### [WHAT THIS TASK INVOLVES]
Your answer should be the lines below from the one holding "Squishmallow Bundle" through the one holding "Dipsea Trail Head photo 2", copied exactly and with nothing else.

☆ ☆ ☆ ☆

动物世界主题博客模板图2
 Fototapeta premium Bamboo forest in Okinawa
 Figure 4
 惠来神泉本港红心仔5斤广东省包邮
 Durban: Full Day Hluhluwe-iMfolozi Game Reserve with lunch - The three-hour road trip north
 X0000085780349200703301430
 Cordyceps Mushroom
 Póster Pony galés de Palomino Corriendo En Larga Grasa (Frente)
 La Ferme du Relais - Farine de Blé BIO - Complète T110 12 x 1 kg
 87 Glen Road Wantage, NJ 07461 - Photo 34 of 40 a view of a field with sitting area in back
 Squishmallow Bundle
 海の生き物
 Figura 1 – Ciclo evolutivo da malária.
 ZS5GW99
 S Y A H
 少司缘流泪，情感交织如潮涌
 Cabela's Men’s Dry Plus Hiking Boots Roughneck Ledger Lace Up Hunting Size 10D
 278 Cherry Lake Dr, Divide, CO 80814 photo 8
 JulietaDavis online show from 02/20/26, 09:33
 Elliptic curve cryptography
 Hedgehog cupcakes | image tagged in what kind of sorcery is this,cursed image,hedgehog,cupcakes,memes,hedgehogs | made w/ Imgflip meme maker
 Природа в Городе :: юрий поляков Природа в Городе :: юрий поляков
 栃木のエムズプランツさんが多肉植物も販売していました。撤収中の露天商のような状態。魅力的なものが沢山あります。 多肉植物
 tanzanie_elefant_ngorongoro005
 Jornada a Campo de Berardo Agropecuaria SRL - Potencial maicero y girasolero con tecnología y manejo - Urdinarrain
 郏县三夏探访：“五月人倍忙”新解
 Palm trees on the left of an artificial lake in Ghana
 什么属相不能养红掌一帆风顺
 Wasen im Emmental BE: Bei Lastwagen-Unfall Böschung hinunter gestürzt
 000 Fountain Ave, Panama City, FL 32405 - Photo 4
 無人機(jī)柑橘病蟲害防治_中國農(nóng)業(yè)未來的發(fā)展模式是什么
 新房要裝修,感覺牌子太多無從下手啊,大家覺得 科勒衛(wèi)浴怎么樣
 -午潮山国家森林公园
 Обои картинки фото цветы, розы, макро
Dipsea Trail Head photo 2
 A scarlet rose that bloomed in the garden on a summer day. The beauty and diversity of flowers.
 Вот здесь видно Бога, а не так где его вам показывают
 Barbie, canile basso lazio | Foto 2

☆ ☆ ☆ ☆

### [REPLY]
 Squishmallow Bundle
 海の生き物
 Figura 1 – Ciclo evolutivo da malária.
 ZS5GW99
 S Y A H
 少司缘流泪，情感交织如潮涌
 Cabela's Men’s Dry Plus Hiking Boots Roughneck Ledger Lace Up Hunting Size 10D
 278 Cherry Lake Dr, Divide, CO 80814 photo 8
 JulietaDavis online show from 02/20/26, 09:33
 Elliptic curve cryptography
 Hedgehog cupcakes | image tagged in what kind of sorcery is this,cursed image,hedgehog,cupcakes,memes,hedgehogs | made w/ Imgflip meme maker
 Природа в Городе :: юрий поляков Природа в Городе :: юрий поляков
 栃木のエムズプランツさんが多肉植物も販売していました。撤収中の露天商のような状態。魅力的なものが沢山あります。 多肉植物
 tanzanie_elefant_ngorongoro005
 Jornada a Campo de Berardo Agropecuaria SRL - Potencial maicero y girasolero con tecnología y manejo - Urdinarrain
 郏县三夏探访：“五月人倍忙”新解
 Palm trees on the left of an artificial lake in Ghana
 什么属相不能养红掌一帆风顺
 Wasen im Emmental BE: Bei Lastwagen-Unfall Böschung hinunter gestürzt
 000 Fountain Ave, Panama City, FL 32405 - Photo 4
 無人機(jī)柑橘病蟲害防治_中國農(nóng)業(yè)未來的發(fā)展模式是什么
 新房要裝修,感覺牌子太多無從下手啊,大家覺得 科勒衛(wèi)浴怎么樣
 -午潮山国家森林公园
 Обои картинки фото цветы, розы, макро
Dipsea Trail Head photo 2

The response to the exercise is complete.